Was ist männlich daran, andere zu bezahlen, damit sie Tiere ausbeuten, misshandeln und aufs Brutalste schlachten?

Veganismus wirkt sich auf das soziale Leben aus: Mit Freunden ins Restaurant zu gehen muss dann geplant werden oder ganz ausfallen, falls das Menü keine veganen Alternativen bietet. Wie erlebst du das?
Meine Freunde wissen, dass ich bei Grillfeiern nicht vorbei komme und so tue, als wäre alles okay, während vor uns abgehackte Körperteile liegen. Aber man geht ja nicht jeden Tag ins Restaurant, und wenn, dann ist es für die Freunde sicher kein Problem, sich mal auf etwas Neues einzulassen. Das ist eine Frage des Respekts, finde ich. Und mein Umfeld ist sowieso sehr offen in dieser Hinsicht. Mein bester Kumpel ist jetzt vegetarisch geworden, meine Mama lebt mittlerweile auch vegan.

In Orten wie Berlin oder London gibt es vegane Alternativen zuhauf. Doch wie einfach ist es, in Südtirol, dem Land des Specks, vegan zu leben?
Südtirol ist extrem am Wachsen, was Veganismus angeht. Natürlich ist es nicht dasselbe. In London etwa gibt es einen veganen Metzger. Aber das braucht es eigentlich nicht unbedingt. Im Naturalia in Meran gibt es zum Beispiel eine Riesenauswahl für Veganer. Ich glaube, jeder Ort hat einen Bioladen mit gutem Tofu. Auch in Naturns gibt es das vegane Hotel La Vimea. Ein neues Ersatzprodukt, das Fleisch am Nächsten kommt, ist zum Beispiel das “Beyond Meat”, das gibt es mittlerweile auch in Südtirol, im Fantasy in Schlanders habe ich es mal gesehen oder im Pims in Bozen. Auch das Bewusstsein beginnt sich in der Südtiroler Gesellschaft zu wandeln. Ich habe etwa von Leuten gehört, die von einer Tierlandwirtschaft komplett auf pflanzliche Landwirtschaft umgestiegen sind. All das ist möglich.

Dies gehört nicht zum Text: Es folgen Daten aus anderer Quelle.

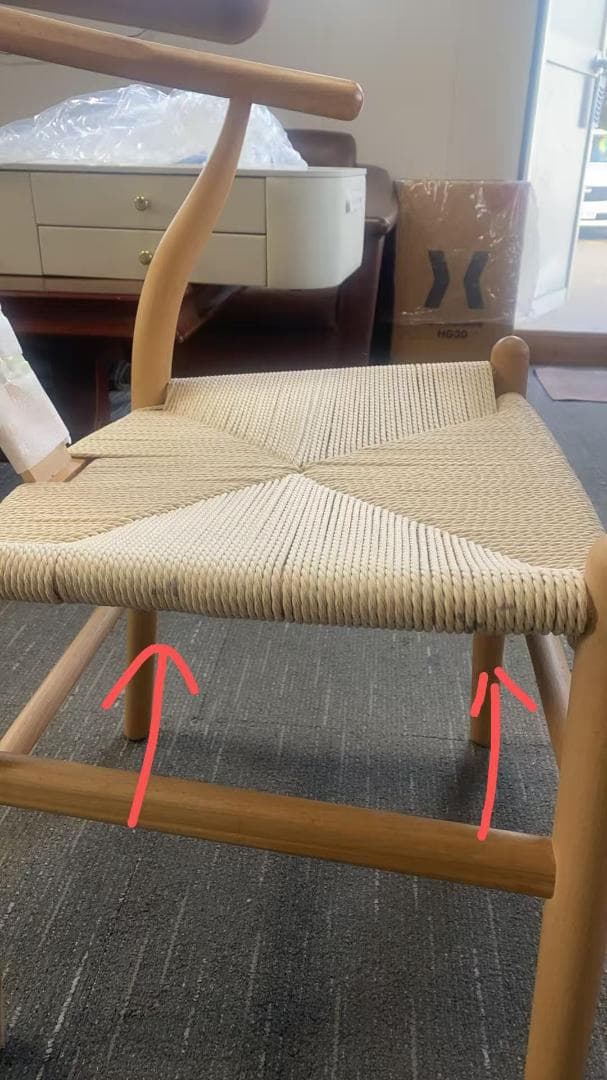 ナチュラルアームチェア 訳あり品　写真をご確認 SF16-02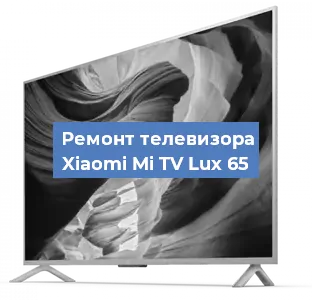 Замена блока питания на телевизоре Xiaomi Mi TV Lux 65 в Красноярске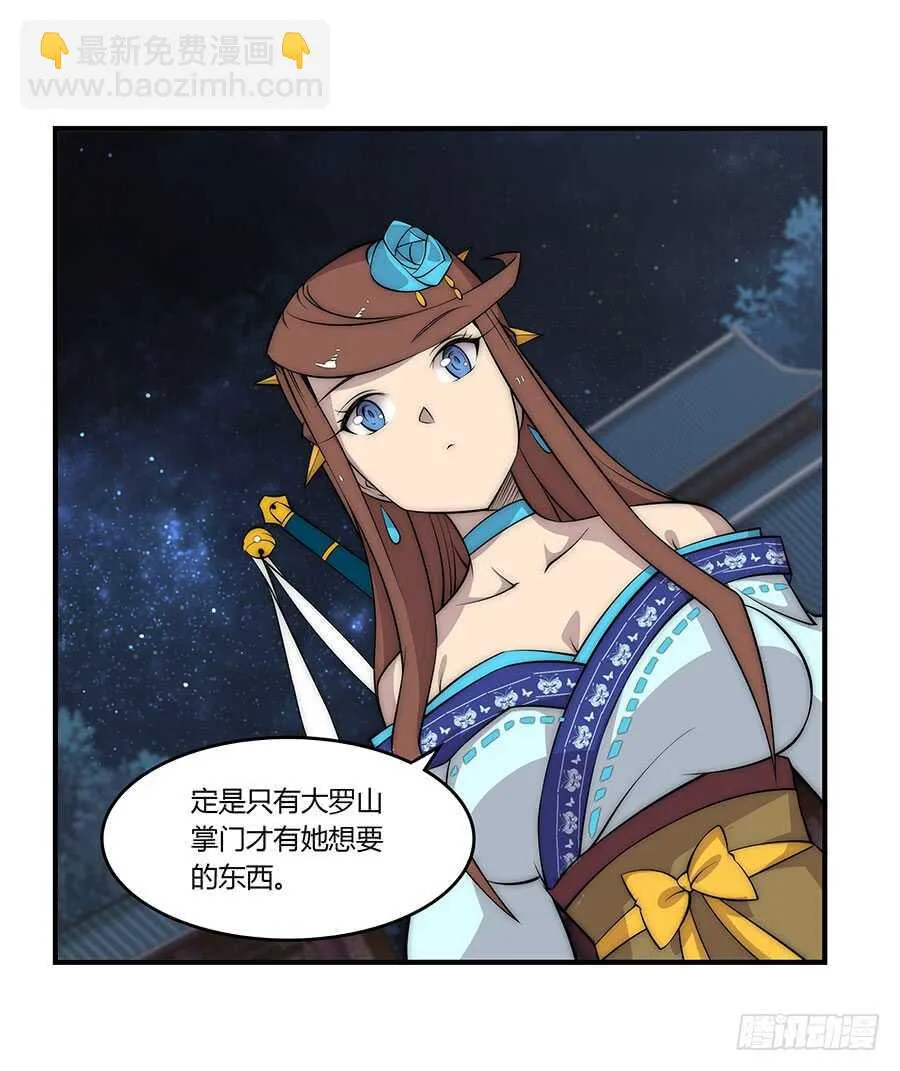 第77回 第27页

Das klingt wirtschaftlich aber nicht so leicht umsetzbar, wenn man bedenkt, dass in Südtirol teilweise die ganze Existenz einer Familie vom bäuerlichen Viehzuchtbetrieb abhängt?
Kein Veganer sagt: Wir müssen von heute auf morgen alle vegan leben. Das ist ein Prozess, der über Jahre gehen wird. Das Ziel muss sein, dass jene Leute, die beruflich in der Tierzucht involviert sind, umgeleitet werden von den Konsumenten und der Wirtschaft. Wenn Leute ins Geschäft gehen und sagen, ich will kein Fleisch mehr kaufen, sondern pflanzliche Produkte, dann geht der Absatzmarkt für Fleischproduktion runter und pflanzliche Alternativen werden rentabler. Solche Beispiele gibt es einige: Ich war erst vor kurzem auf einer ehemaligen Milchfarm in England, die jetzt zu 100 Prozent auf die Produktion von Hafermilch umgestiegen ist. Der Konsument spielt hier eine enorme Rolle, denn das Angebot passt sich an die Nachfrage an. Ich bin sicher, dass viele Bauern ihre Familienbetriebe gleich weiterführen, aus emotionalen Gründen oder einfach wegen der Tradition und weil sie nichts anderes kennen. Gerade deswegen sollte man Alternativen aufzeigen.

Mehr Menschen legen heutzutage Wert darauf, wo ihr Essen herkommt, und entscheiden sich für eine vegetarische Ernährung oder konsumieren bewusst weniger Fleisch – und wenn, dann nur das Freilandrind beim Bauern des Vertrauens. Von diesen Mittelwegen hältst du aber nichts?
Das ist ein heikles Thema. Ich unterscheide aber zwischen Menschen, die bewusst sind, und solchen, die nicht bewusst sind. Das heißt, viele Menschen sind sich gar nicht bewusst, dass sie mit ihrem Geld zur Misshandlung und Schlachtung von Tieren beitragen. Hier ist es wichtig, mit den Leuten zu reden, sie aufzuklären. Wenn man sich dann anfängt bewusst zu werden, ist es sicher ein erster Schritt, Produkte tierischen Ursprungs zu streichen. Doch das Endziel muss Veganismus sein. Wer weiterhin Tierprodukte isst, obwohl er sich bewusst ist über seine Rolle im System, den sehe ich als direkten Tiermissbraucher. Stell dir vor, ich stelle dich vor die Entscheidung: Entweder ich quäle dich und bringe dich dann um oder ich bringe dich während eines glücklichen Lebens spontan um oder ich bringe dich gar nicht um. Natürlich ist die Massenhaltung schlimmer, als eine glückliche Almkuh, aber die Kuh wird immer noch gegen ihren Willen aus dem Leben gerissen. Wir vergessen oft, dass wir eine dritte Option haben. Es ist viel einfacher für uns, vegan zu leben, als in der Position von einem Tier zu stecken.